Never, that is, until the current child abuse scandal, which squarely places the issue on the table for all to see. The focus is no longer on American Catholics as individuals, but rather on the Church as an institution. The Vatican's canon law announcements show it to be miserably out of step with the culture within which American Catholics live.

If the Vatican chooses to follow the "canon law, and canon law alone" view, it will put American Catholics to a terrible choice, for it will be asking them to turn their backs on what is best in the American constitutional system. They should, and must, opt for compliance with secular law as well as canon law, and reject the Vatican's position.

It would put the entire social order at risk if they were to abandon their obligation to subject criminal complaints--especially those alleging harm to children--to secular law.

Our system of criminal investigation, trial by a jury of one's peers, and subsequent secular punishment - governed by due process norms and the Eighth Amendment's "cruel and unusual punishment prohibition" - is what makes us a secular, not a religious state. It must apply to every citizen equally, regardless of religious belief or religious office.

Early Signs of a Possible Schism

It is difficult to believe that American Catholics, who have been in the forefront of criticizing the Church in this scandal, will let their church take the path of irresponsibility to the public good. Thus, if the Vatican chooses a formal, or even an informal, no-cooperation policy, a schism is likely in the offing.

American Catholics from the top of the hierarchy down know that the failure to cooperate will lead the church to suffer a loss of moral and political credibility. And this loss of credibility, in turn, will lead to the Church's inevitable marginalization in all spheres of society.

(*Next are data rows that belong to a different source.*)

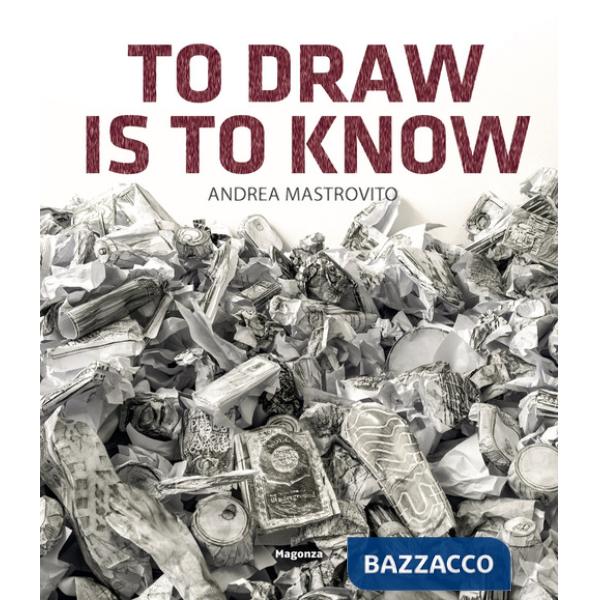 Andrea Mastrovito. To draw is to know. Ediz. illustrata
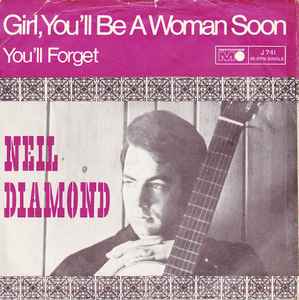 Girl, You'll Be A Woman Soon (Vinyl, 7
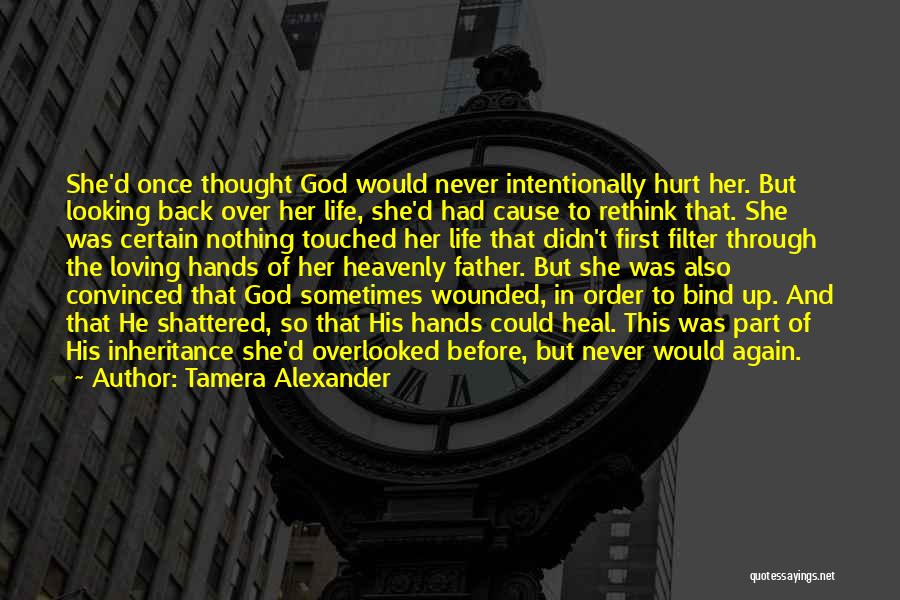 Tamera Alexander Quotes: She'd Once Thought God Would Never Intentionally Hurt Her. But Looking Back Over Her Life, She'd Had Cause To Rethink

A schism may already be in the making. Over 14,000 Catholics from 40 states have joined www.voiceofthefaithful.com, which is well worth a visit from the American bishops and the Vatican. And prominent conservative U.S. Catholics, such as national talk show host Sean Hannity, have threatened to leave the church over the scandal.

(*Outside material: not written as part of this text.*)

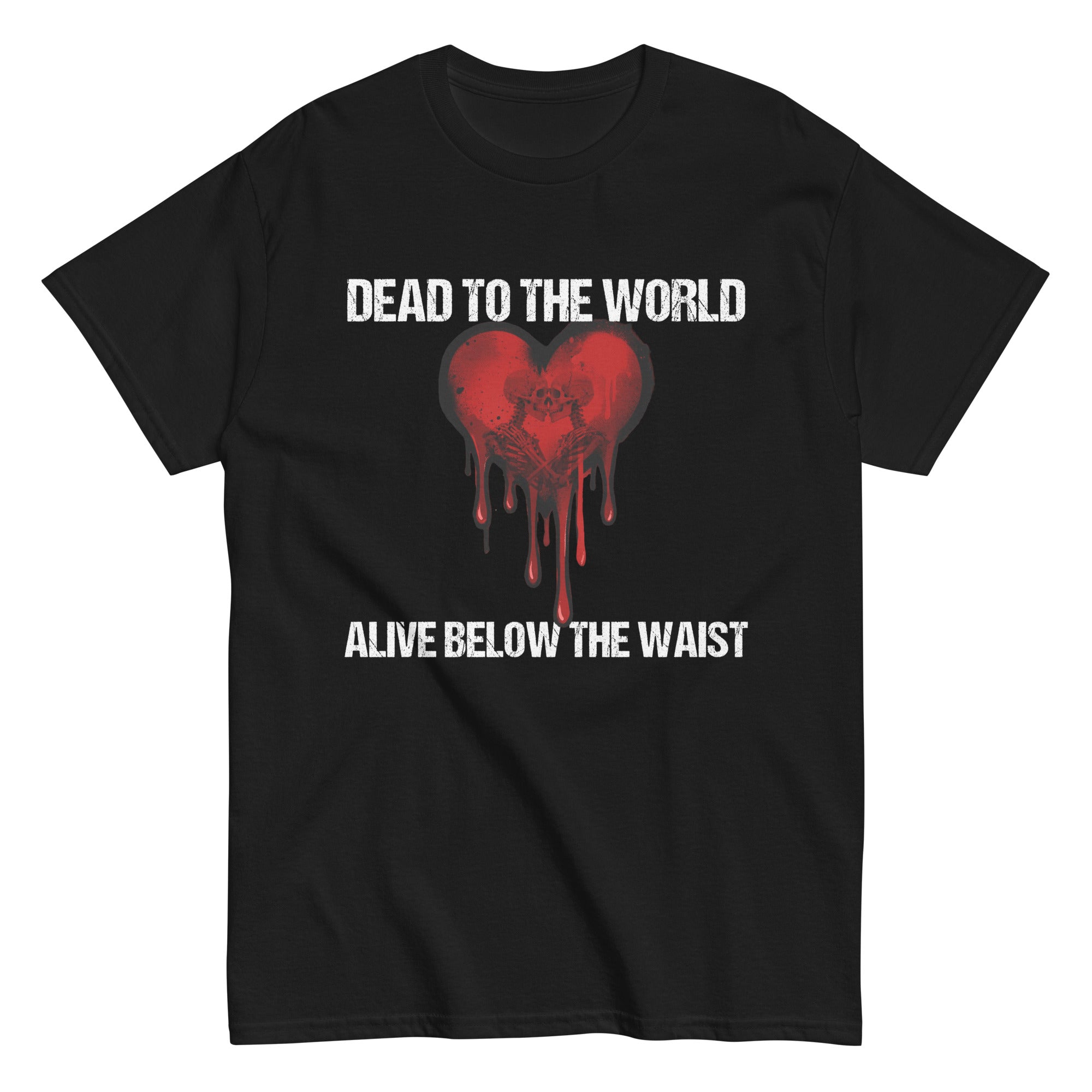 Dead To The World T-Shirt - Alive Below The Waist – Tee Asylum LLC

These believers are in the right, for it is not only respect for the Catholic Church, but respect for religion itself that may be at stake. Were the Church to choose to defy the rule of law, its decision to work outside the United States' moral and legal imperatives will affect the credibility of all religious institutions here.

For example, in South Africa, where apartheid was created and sustained by the Dutch Reformed Church, every religious institution experienced a crisis of moral authority once apartheid was overcome. While the analogy is not perfect, it does illustrate that a single religious institution's moral and spiritual failures can bring religion itself into question.

In short, it would be difficult to underestimate the destructive effects of a Vatican-imposed noncooperation policy. Let us hope the Vatican has a full understanding of what such a policy would mean, and chooses another way - approving the Bishops' proposal fully to cooperate with local authorities.